Onli received a BFA from the School of the Art Institute of Chicago (2008) and earned a master’s degree in art history from the Courtauld Institute of Art in London. During the 2020-21 academic year, she was a visiting professor in the gradate art history program at Williams College.

FOUNDED BY ARTISTS Noah and Karon Davis in 2012, The Underground Museum opened in a series of four storefronts with a vision toward showcasing museum-quality art in their Arlington Heights neighborhood, a Black and Latinx community. Three years later, Noah died from a rare cancer at age 32. Karon has pressed forward with the nonprofit arts and culture space, working in partnership with artist and filmmaker Kahlil Joseph, Noah’s older brother.

In a statement, Joseph said: “It’s exciting to bring Meg into our orbit. Noah would have been deeply inspired by Meg’s brilliant mind. At this point, she could have gone anywhere but chose to join The Underground Museum because we are deeply committed to giving her voice the space it deserves.”

“It’s exciting to bring Meg into our orbit. Noah would have been deeply inspired by Meg’s brilliant mind. At this point, she could have gone anywhere but chose to join The Underground Museum because we are deeply committed to giving her voice the space it deserves.” — Kahlil Joseph

Announcing the appointments of Onli and Cristina Pacheco, the museum described the introduction of a co-leadership structure as coinciding with “a moment of evolution for The UM, as it deepens its local focus but also extends its vision on a national and international level.”

The Underground Museum remains closed temporarily due to the COVID-19 pandemic. In January, the museum will reopen, after a nearly two-year hiatus, with a long-delayed, special exhibition dedicated to the paintings of Noah Davis, organized by Helen Molesworth. A version of the exhibition first opened at David Zwirner in New York in January 2020 and is currently on view at David Zwirner in London. The presentation is the first solo exhibition of Davis outside the United States.

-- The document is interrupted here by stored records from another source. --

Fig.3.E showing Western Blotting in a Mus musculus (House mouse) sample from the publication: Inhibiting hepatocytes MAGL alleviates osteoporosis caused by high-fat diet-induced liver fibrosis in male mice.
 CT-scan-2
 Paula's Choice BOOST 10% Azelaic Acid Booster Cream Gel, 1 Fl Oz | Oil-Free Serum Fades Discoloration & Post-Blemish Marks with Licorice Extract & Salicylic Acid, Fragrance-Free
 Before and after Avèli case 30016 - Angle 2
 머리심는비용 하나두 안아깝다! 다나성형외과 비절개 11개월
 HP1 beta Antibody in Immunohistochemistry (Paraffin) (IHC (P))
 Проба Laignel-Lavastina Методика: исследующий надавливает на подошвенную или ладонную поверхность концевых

Less than two weeks ago, the museum announced three recipients of the new Noah Davis Prize. Curators Candice Hopkins, Jamillah James, and Thomas Jean Lax are the inaugural winners of the prize supported by the Chanel Culture Fund. Each will receive $25,000 and participate in a curatorial symposium at the museum in spring 2022.

Onli is looking forward to playing a pivotal role in The Underground Museum’s next chapter. In a statement, she said: “The Underground Museum is part of a rich legacy of Los Angeles spaces founded by Black and Brown artists who decentered whiteness and fostered communities of groundbreaking artists. I have been a longtime admirer of The UM and of Noah and Karon’s mission, and am honored to be trusted to co-lead this institution with Cristina. To be doing the work that I love within a museum that aligns with my own ideals of art and community—which are not separate, but intricately connected—is a dream.” CT

 

IMAGE: Portrait of Meg Onli. | Photo by Marcus Maddox

 

BOOKSHELF
The exhibition catalogs “Colored People Time” and “Speech/Acts” accompanied the coinciding exhibitions. “Jessica Vaughn: Our Primary Focus Is to Be Successful” is forthcoming soon. Meanwhile, “Ulysses Jenkins: Without Your Interpretation,” the artist’s first monograph is expected in January.